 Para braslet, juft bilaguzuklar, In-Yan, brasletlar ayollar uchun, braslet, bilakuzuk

--

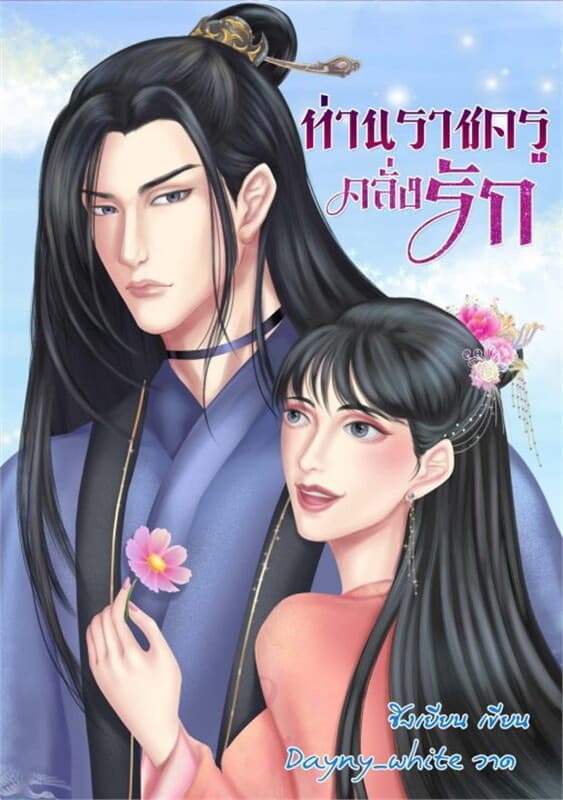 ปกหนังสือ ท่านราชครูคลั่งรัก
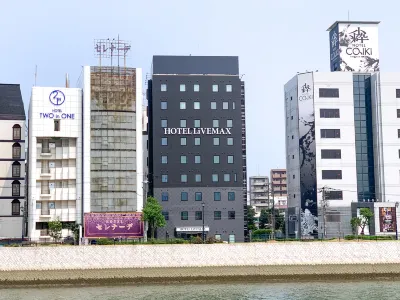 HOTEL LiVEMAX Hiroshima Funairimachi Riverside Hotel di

## Work instructions
Copy word for word only the lines above from the one with "ปกหนังสือ ท่านราชครูคลั่งรัก" through the one with "HOTEL LiVEMAX Hiroshima". Leave pictures out.

## Solved exercise
 ปกหนังสือ ท่านราชครูคลั่งรัก
 HOTEL LiVEMAX Hiroshima Funairimachi Riverside Hotel di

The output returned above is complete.